■ PROBLEM: Reproduce the listing below exactly. Pictures do not belong in the copy.

■ EXTRACTED MATERIAL:
-- Opening Marker --

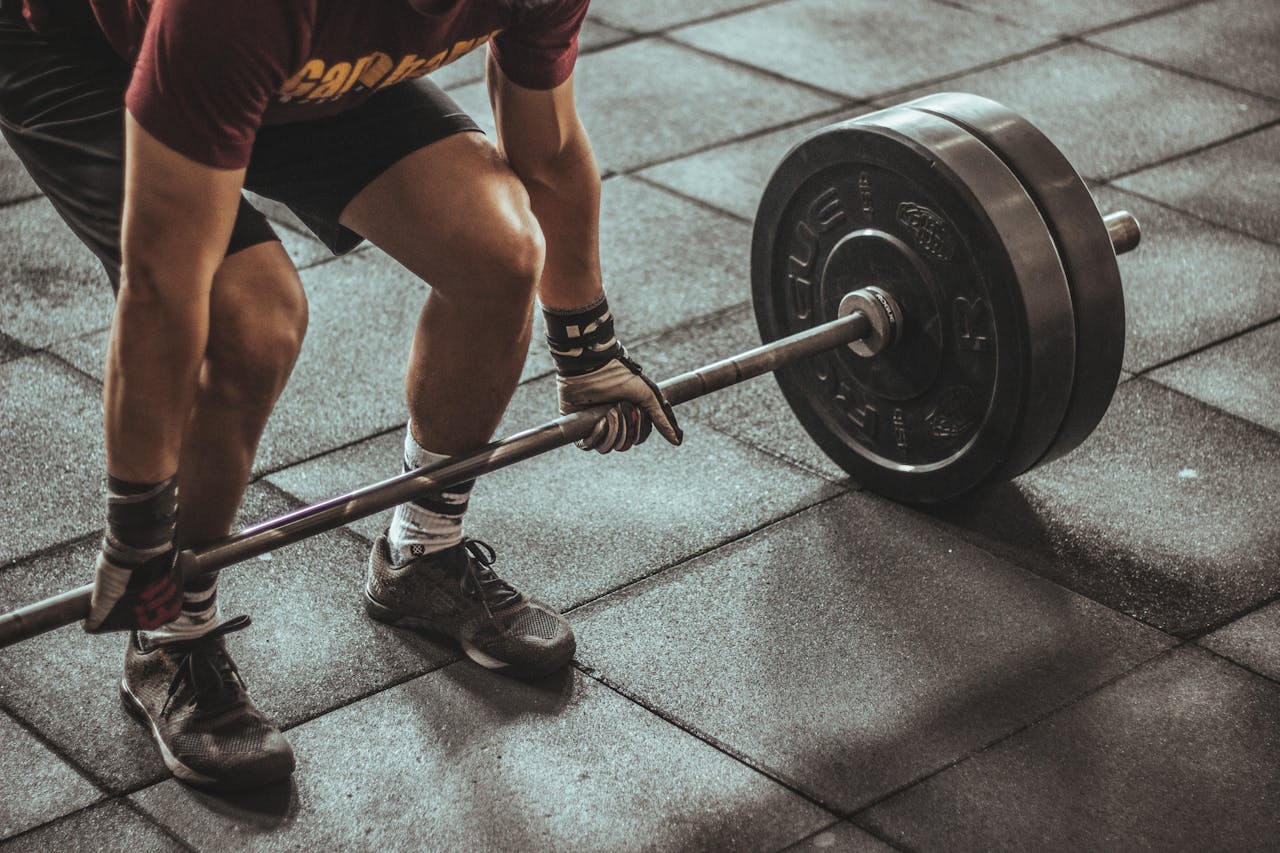 Person Holding Black and Silver Steel in gym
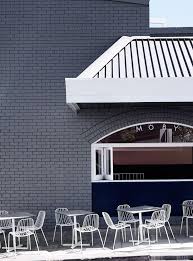 A Melbourne Restaurant With An Au Courant Color Palette Remodelista Cafe Interior Painted Brick Exteriors Interior Design Awards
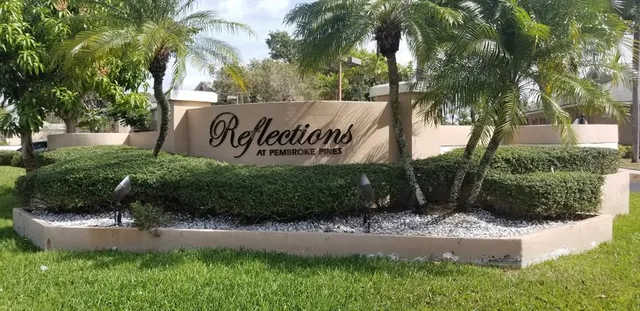 a sign that is sitting on a brick wall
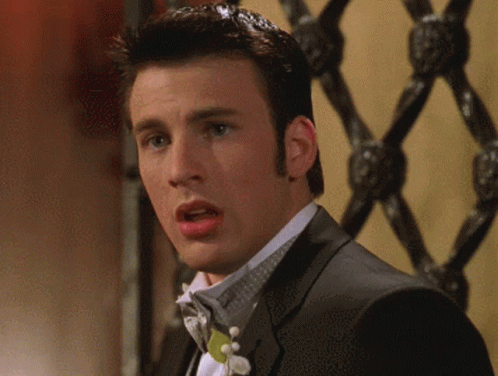 A Man In A Tuxedo With A Bow Tie Is Making A Surprised Face GIF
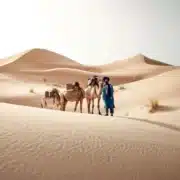 A man stands beside his camels in the Moroccan desert, showcasing a travel experience with a local travel agent.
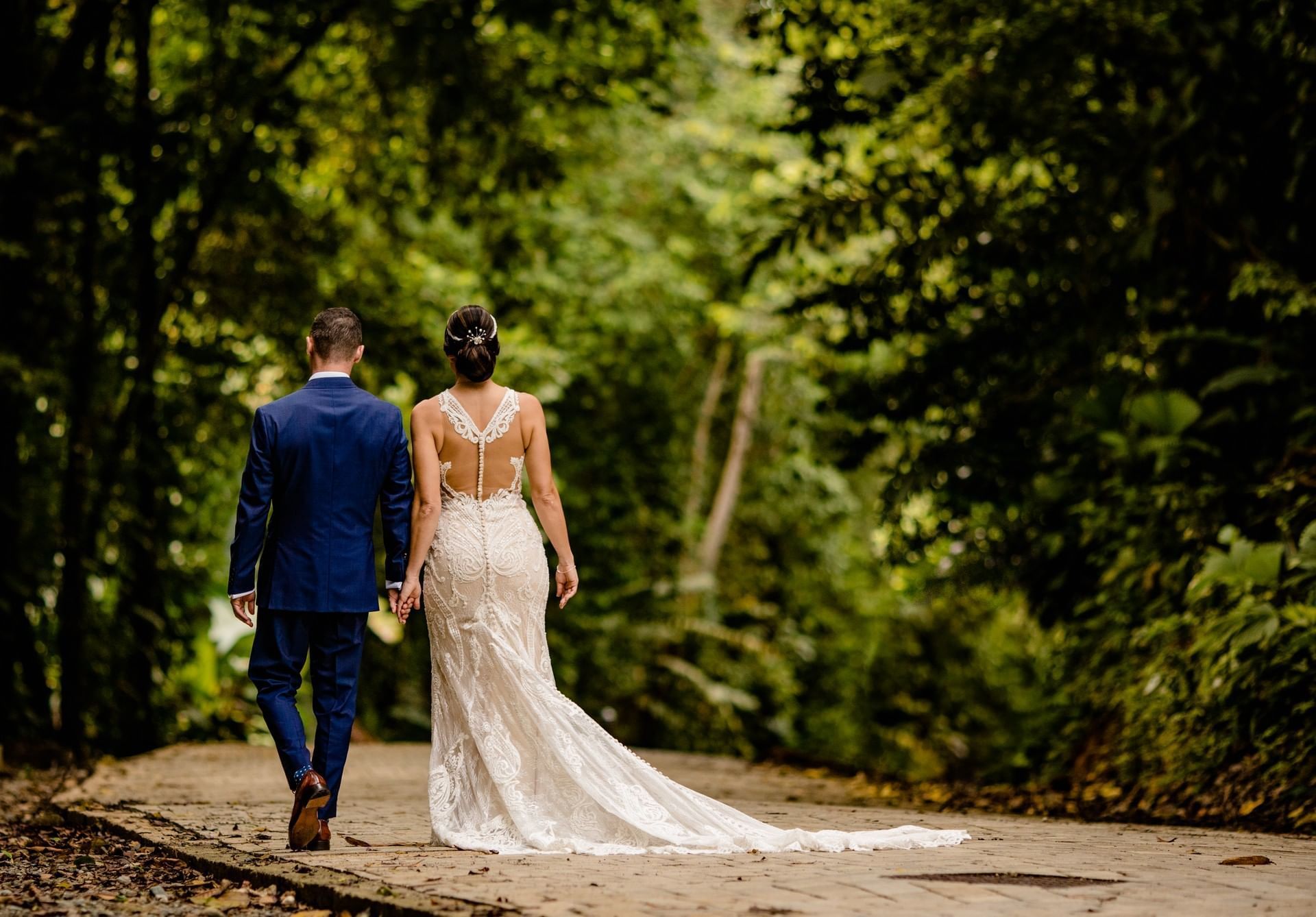 A bride and groom are walking down a path in the woods.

-- Closing Marker --

■ TASK OUTPUT:
 Person Holding Black and Silver Steel in gym
 A Melbourne Restaurant With An Au Courant Color Palette Remodelista Cafe Interior Painted Brick Exteriors Interior Design Awards
 a sign that is sitting on a brick wall
 A Man In A Tuxedo With A Bow Tie Is Making A Surprised Face GIF
 A man stands beside his camels in the Moroccan desert, showcasing a travel experience with a local travel agent.
 A bride and groom are walking down a path in the woods.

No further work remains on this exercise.